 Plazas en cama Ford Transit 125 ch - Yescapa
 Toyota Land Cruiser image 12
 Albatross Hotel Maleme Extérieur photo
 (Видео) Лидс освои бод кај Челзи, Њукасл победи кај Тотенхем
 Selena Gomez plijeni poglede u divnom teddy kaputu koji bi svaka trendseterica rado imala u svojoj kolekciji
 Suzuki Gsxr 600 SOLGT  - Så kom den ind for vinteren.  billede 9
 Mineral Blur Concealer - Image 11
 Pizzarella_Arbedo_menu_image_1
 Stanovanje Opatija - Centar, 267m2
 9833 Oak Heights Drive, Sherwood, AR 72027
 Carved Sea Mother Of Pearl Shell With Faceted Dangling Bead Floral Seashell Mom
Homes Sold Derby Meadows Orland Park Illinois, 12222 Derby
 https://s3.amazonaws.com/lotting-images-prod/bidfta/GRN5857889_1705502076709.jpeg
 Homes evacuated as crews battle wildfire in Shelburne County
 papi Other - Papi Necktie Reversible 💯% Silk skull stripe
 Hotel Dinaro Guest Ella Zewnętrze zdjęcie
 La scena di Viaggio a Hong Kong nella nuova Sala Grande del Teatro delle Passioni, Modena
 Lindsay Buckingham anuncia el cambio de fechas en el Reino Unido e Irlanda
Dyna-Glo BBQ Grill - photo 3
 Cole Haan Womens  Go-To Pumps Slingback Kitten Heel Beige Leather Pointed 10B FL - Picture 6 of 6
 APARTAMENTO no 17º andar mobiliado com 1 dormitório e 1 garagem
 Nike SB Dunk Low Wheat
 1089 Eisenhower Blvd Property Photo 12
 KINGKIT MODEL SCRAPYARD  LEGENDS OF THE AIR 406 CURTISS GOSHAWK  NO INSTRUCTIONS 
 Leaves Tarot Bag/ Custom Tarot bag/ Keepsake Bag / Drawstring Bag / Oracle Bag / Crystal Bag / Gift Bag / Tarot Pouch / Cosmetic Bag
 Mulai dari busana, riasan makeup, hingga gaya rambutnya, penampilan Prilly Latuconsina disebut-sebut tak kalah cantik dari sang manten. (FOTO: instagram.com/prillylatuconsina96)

+--

Every record shown above must be echoed exactly.

▶ **Task answer**:
 Plazas en cama Ford Transit 125 ch - Yescapa
 Toyota Land Cruiser image 12
 Albatross Hotel Maleme Extérieur photo
 (Видео) Лидс освои бод кај Челзи, Њукасл победи кај Тотенхем
 Selena Gomez plijeni poglede u divnom teddy kaputu koji bi svaka trendseterica rado imala u svojoj kolekciji
 Suzuki Gsxr 600 SOLGT  - Så kom den ind for vinteren.  billede 9
 Mineral Blur Concealer - Image 11
 Pizzarella_Arbedo_menu_image_1
 Stanovanje Opatija - Centar, 267m2
 9833 Oak Heights Drive, Sherwood, AR 72027
 Carved Sea Mother Of Pearl Shell With Faceted Dangling Bead Floral Seashell Mom
Homes Sold Derby Meadows Orland Park Illinois, 12222 Derby
 https://s3.amazonaws.com/lotting-images-prod/bidfta/GRN5857889_1705502076709.jpeg
 Homes evacuated as crews battle wildfire in Shelburne County
 papi Other - Papi Necktie Reversible 💯% Silk skull stripe
 Hotel Dinaro Guest Ella Zewnętrze zdjęcie
 La scena di Viaggio a Hong Kong nella nuova Sala Grande del Teatro delle Passioni, Modena
 Lindsay Buckingham anuncia el cambio de fechas en el Reino Unido e Irlanda
Dyna-Glo BBQ Grill - photo 3
 Cole Haan Womens  Go-To Pumps Slingback Kitten Heel Beige Leather Pointed 10B FL - Picture 6 of 6
 APARTAMENTO no 17º andar mobiliado com 1 dormitório e 1 garagem
 Nike SB Dunk Low Wheat
 1089 Eisenhower Blvd Property Photo 12
 KINGKIT MODEL SCRAPYARD  LEGENDS OF THE AIR 406 CURTISS GOSHAWK  NO INSTRUCTIONS 
 Leaves Tarot Bag/ Custom Tarot bag/ Keepsake Bag / Drawstring Bag / Oracle Bag / Crystal Bag / Gift Bag / Tarot Pouch / Cosmetic Bag
 Mulai dari busana, riasan makeup, hingga gaya rambutnya, penampilan Prilly Latuconsina disebut-sebut tak kalah cantik dari sang manten. (FOTO: instagram.com/prillylatuconsina96)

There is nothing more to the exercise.